Published by the News on Sunday here

With the premise that resolving the big questions on women’s rights, the Pakistani society will be on a progressive trajectory, leading women feminists gathered here at a book launch on Saturday.

Aisha Sarwari’s book, ‘Navigating Pakistani Feminism: Fight by Fight’, was the centre of discussion among veteran feminist Moneeza Hashmi, lawyer and women’s activist from KP/FATA, Rakhshanda Naz and Pakistani politician, Marvi Memon. While presenting their point of view, they laid down the need of a turn-around in the way women are treated in the country especially among those that are part of the informal sector.

The panellists agreed that without Pakistan providing legal and cultural protections for women, they will continue to face astounding levels of violence and harassment both in the domestic and professional spheres. Pakistan has among the worst maternal mortality rates, violence against women rates and ranks second last on the gender equity scale globally.

Moneeza Hashmi talked about the need to recognise that there needs to be a unified voice against the subversive forces against women. “We are not here to only answer the conceptual questions about why feminism is important in this country, we are also here to say that women need to speak the same language and make the same noises because they are disadvantaged in the same broad way by those who feel we belong in the shadows,” she said.

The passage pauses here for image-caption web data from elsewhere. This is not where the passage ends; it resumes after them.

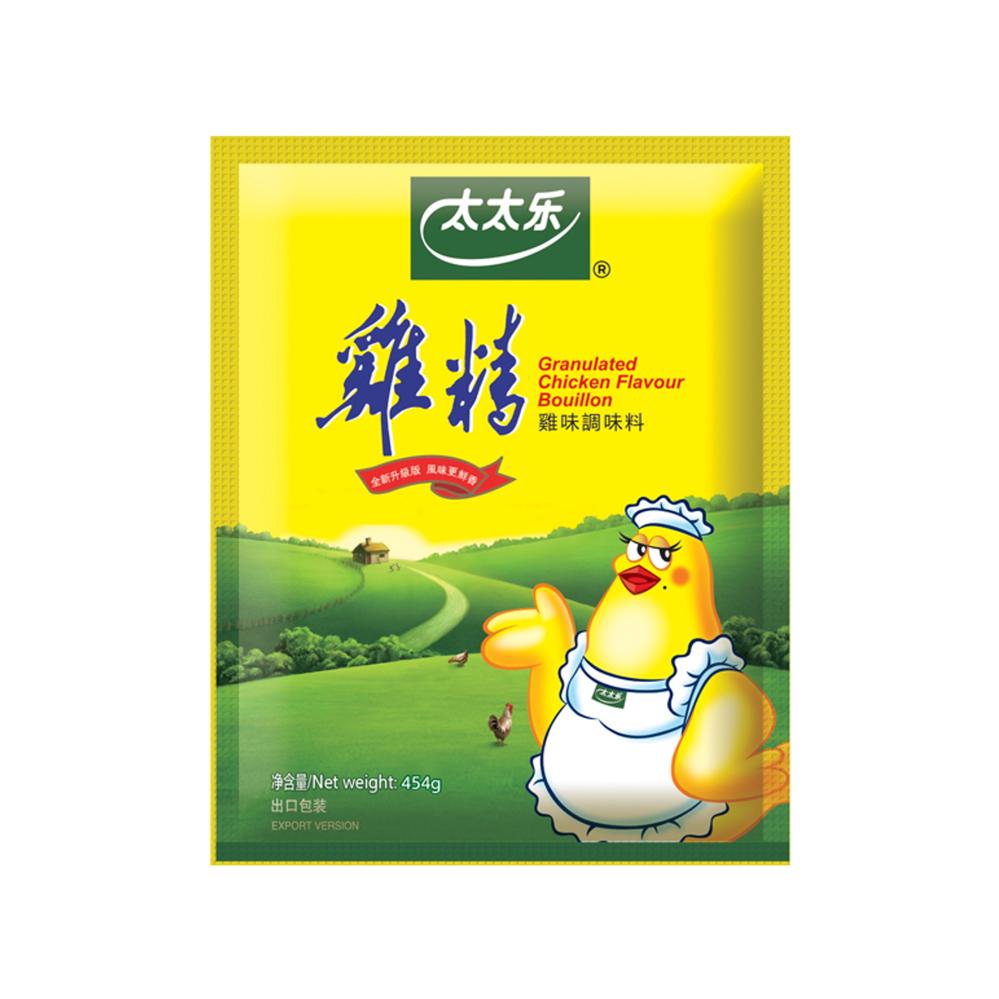 Totole Granulated Chicken Bouillon 454g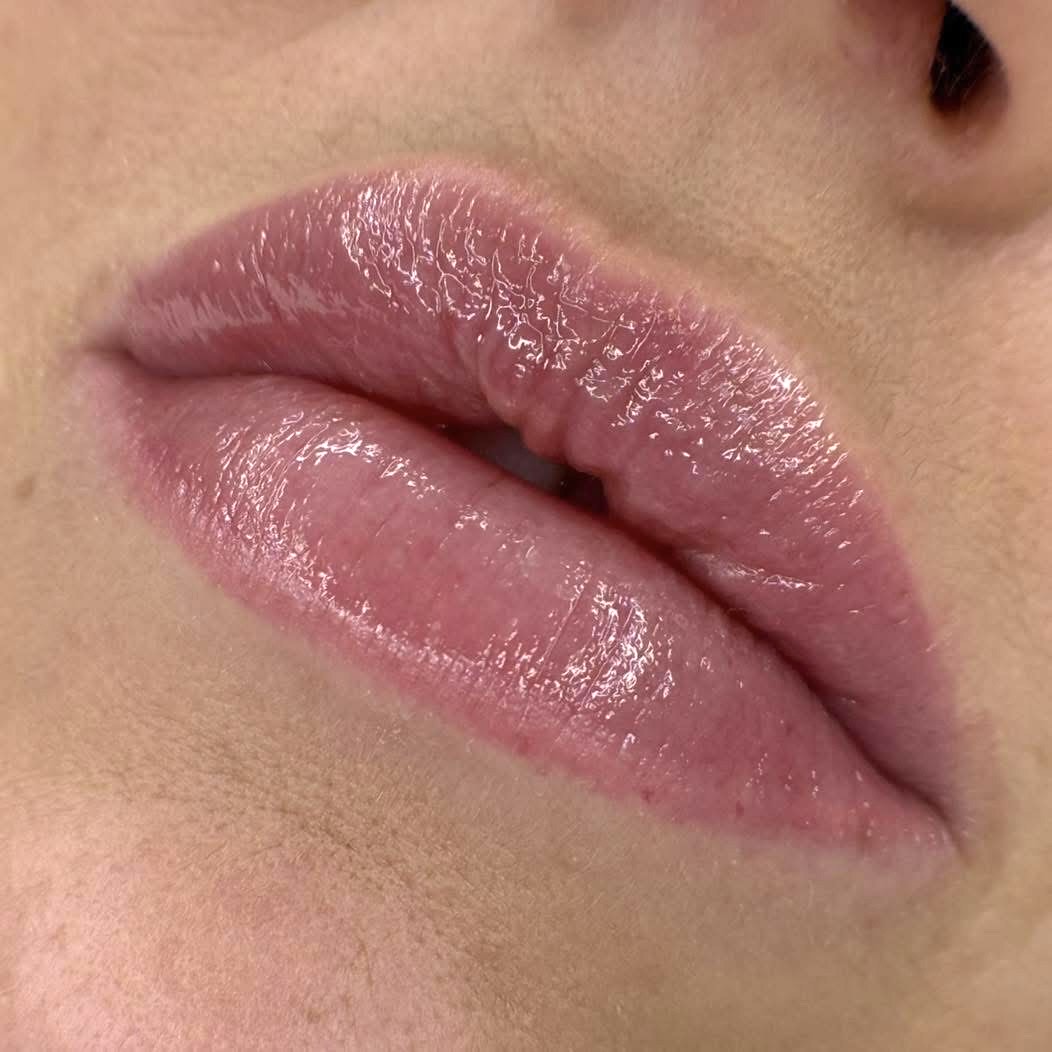 Permanent Make-up – Lippen Beispiel 3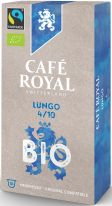 Café Royal Nespresso BioHavelaar Fair Lungo 10 Kapseln Alu 52g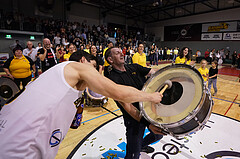 Basketball 2. Liga 2022/23, Finale Spiel 2, Guessing Blackbirds vs. Mistelbach Mustangs



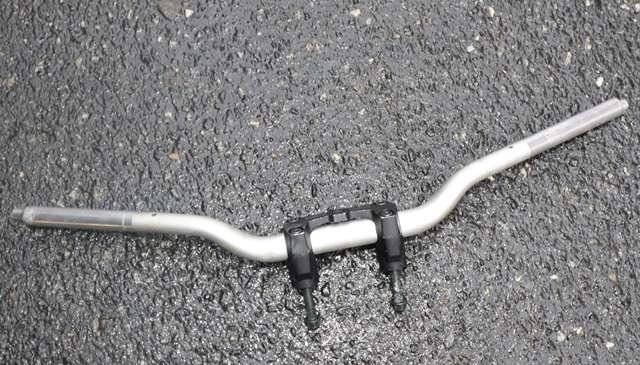 MC, Styre til MC Yamaha MT-125 2014-2019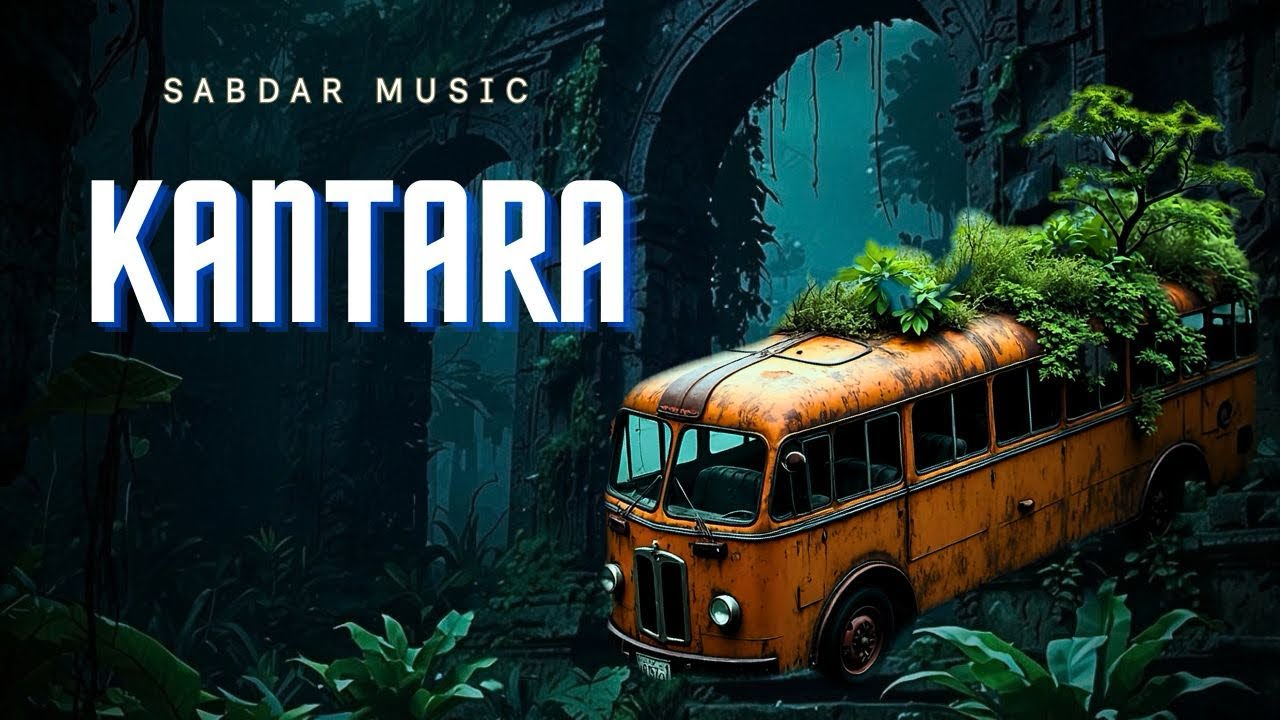 KANTARA - High Quality SoundCheck - Sabdar Music
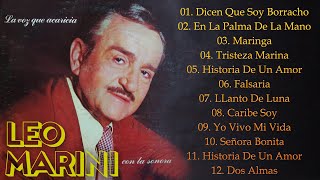 Leo Marini - Lo Mejor De Lo Mejor - 30 Grandes Exitos - Boleros Del Recuerdo (Album Completo)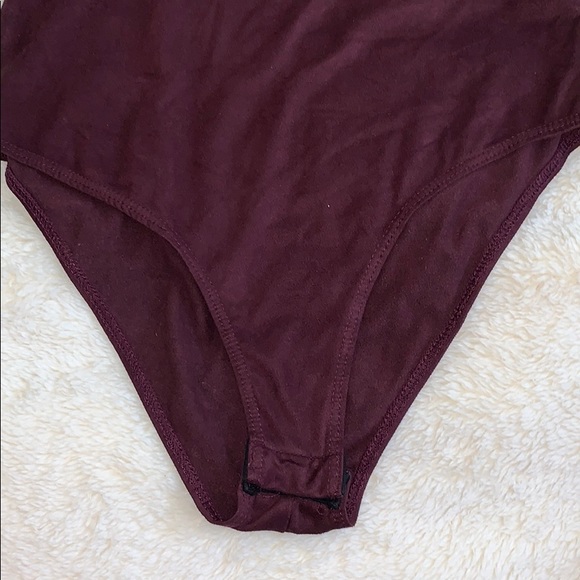 🚚 DONATED !! Charlotte Russe Bodysuit - Picture 3 of 5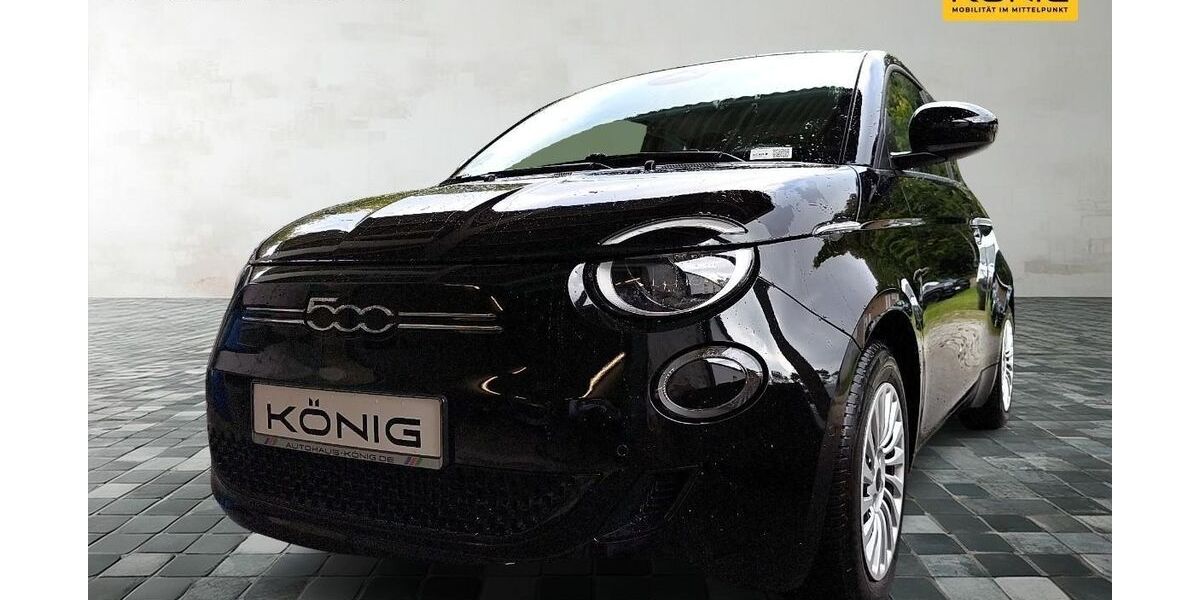 Fiat 500e 14.035 km 19.999 &euro; Gera 07552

Building on the idea that Pakistan was envisaged as an inclusive and modern state by Mohammad Ali Jinnah, Yasser Latif Hamdani in his book “Between Worlds; A Pakistani’s quest to forge meaning” that was launched simultaneously,  argues that a Pakistan that does not safeguard its minorities and gives them equal rights as citizens is not a Pakistan worth having. The author is a columnist in the national press and lawyer by profession.

Expressing his optimism for the future, Hamdani said that with enough cycles of democracy, there is hope that Pakistan might fix some of its structural problems and become a modern and progressive state that it was envisaged to be.